The kind of love Eckhart is describing here is erotic love: a powerful, consuming horniness for God, for truth. It is this love that not only binds us to God but is all the root of all knowledge. All knowledge begins in eros, in passion, and if you don't feel it, don't come here; don't go to college. From the passion there arises vision and that is the essence of the liberal arts. Just as the vision on the river sustained Gus, so vision sustains you in the liberal arts. You MUST find a vision if you come here. This is not a check off school, not a place where you can learn by going to class and doing all the work. That won't cut it here. If you don't find something or bring something more--what I am calling here the vision--you will waste your time and do poorly-even if you make A’s.

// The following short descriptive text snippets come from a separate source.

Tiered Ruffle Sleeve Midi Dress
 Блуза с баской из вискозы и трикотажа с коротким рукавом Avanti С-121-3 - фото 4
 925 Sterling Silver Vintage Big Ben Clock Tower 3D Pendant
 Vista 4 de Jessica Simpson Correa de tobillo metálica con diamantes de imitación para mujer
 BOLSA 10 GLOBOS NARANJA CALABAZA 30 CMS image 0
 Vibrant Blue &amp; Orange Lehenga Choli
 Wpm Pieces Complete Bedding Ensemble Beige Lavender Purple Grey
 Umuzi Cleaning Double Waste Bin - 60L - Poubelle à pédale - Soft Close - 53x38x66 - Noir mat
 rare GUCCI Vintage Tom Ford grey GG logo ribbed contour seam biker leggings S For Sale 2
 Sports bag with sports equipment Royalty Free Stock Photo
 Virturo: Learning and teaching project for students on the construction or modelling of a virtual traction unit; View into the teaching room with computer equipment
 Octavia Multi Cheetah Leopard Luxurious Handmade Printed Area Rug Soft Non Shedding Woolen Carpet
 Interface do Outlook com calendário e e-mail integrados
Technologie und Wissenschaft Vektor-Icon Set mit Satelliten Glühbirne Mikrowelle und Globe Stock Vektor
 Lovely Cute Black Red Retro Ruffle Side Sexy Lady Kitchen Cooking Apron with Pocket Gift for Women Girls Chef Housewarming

For Gus, the vision was the naked girl in the tree over the river. At length, as the book and the river why bends its crooked course to the end, he finds her-or more to the point, when he is ready, she finds him. Her name is Eddy-not Eddie for Edward or Edwina-but Eddy as in a turning current in a river. A flow of the river that bends back upon itself and may even flow upstream. If you flyfish or kayak, you will learn about eddys because they hold fish and they may be the only slow water to protect you on a surging river. Gus finds Eddy-the calm, peace, the clear slackwater of current that gives you peace in the midst of all the crooks and bends and falls and cascades and rapids of the journey we call life.

I cannot promise you that if you come to Sewanee, you will find or follow the naked girl flyfishing from a tree. But like Gus you will be a pilgrim and if you follow this bending river, you may find another beautiful maiden--her ancient name is Sophia-wisdom: the mistress, lover, consort of all knowledge, the vision of all seekers. Don’t set your eye down this bending river called Sewanee unless you seek wisdom as well as knowledge, for it is the pursuit of wisdom, that is what this place is about. It is not enough to know, not enough to learn, not enough to study, not enough to be smart, to get your degree, to have a career. Those things you can do on your own and do easily elsewhere. Don’t come here for knowledge. Come here for wisdom, for love, for a passion you cannot deny. But know this, this is not a base love; it is a divine love, and only a few will see God or find Wisdom--and she only naked to those whose hearts are pure and whose only lust is for truth.

She has golden hair and is kicking up her heels in the swing on the oak tree by the Bishop's Common. Let’s go find her.